The title of this essay is a term minted in this office to describe the rampant and insidious malaise and apathy we as journalists observe from workers in governmental agencies. As Kingstonians, it’s easy to feel this lassitude is confined to Kingston City Hall, but trust us when we say it ain’t unique to Kingston, or even Ulster County for that matter. What’s up with that?
Thing is, there’s cogs and gears in the machine not spinning in their proper direction. Some are jammed. Some spin in opposite directions; others spin too slowly or quickly. There are many cogs with spokes too dulled to reach one another, and some too sharp. Basically, it’s a surliness and a can’t-do attitude which makes those trying to get results from their city government roll their eyes heavenward and utter, either out loud or in their heads, many foul oaths.
So. Mayor Sotille issued an edict a few years ago that there were no more funds in the city’s budget for events like the re-enactment of the burning of Kingston. Fair enough? You decide. Point is, a non-local, early American history re-enactment group felt that Kingston’s Uptown streets and structures were the idyllic setting to re-invent the sounds, smells, colors and bustle of early American history — so much so that it was worth investing more than $5,000 of their members’ personal funds to make it happen.

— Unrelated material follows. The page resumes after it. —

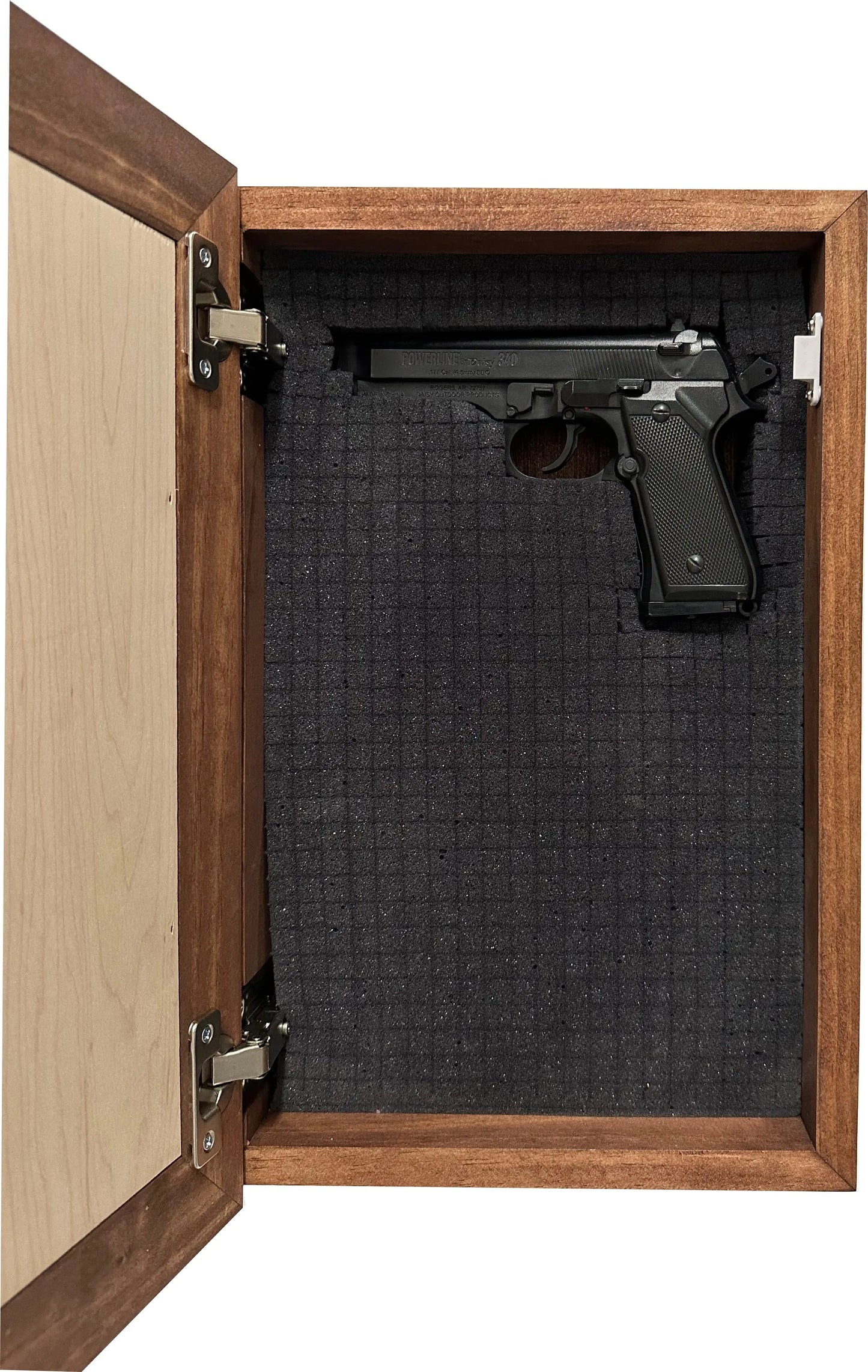 Wood Secure Gun Safe Welcome to our Home Wall Decor (Red Oak) Bellewood Designs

But rather than blasting the social media pages, magazines and newspapers, as well as city, county, tourism, state and uptown business web pages; alerting Kingston city schools and surrounding town’s schools, SUNY colleges, senior centers, Boy and Girl Scout troops; plastering the city with fliers, informing churches and synagogues and more with invitations to come party with exploding cannons and American rebels there was from the city’s publicity machine a silence as hushed as the day in 1777 the Redcoats landed and found the empty streets of Kingston. Why?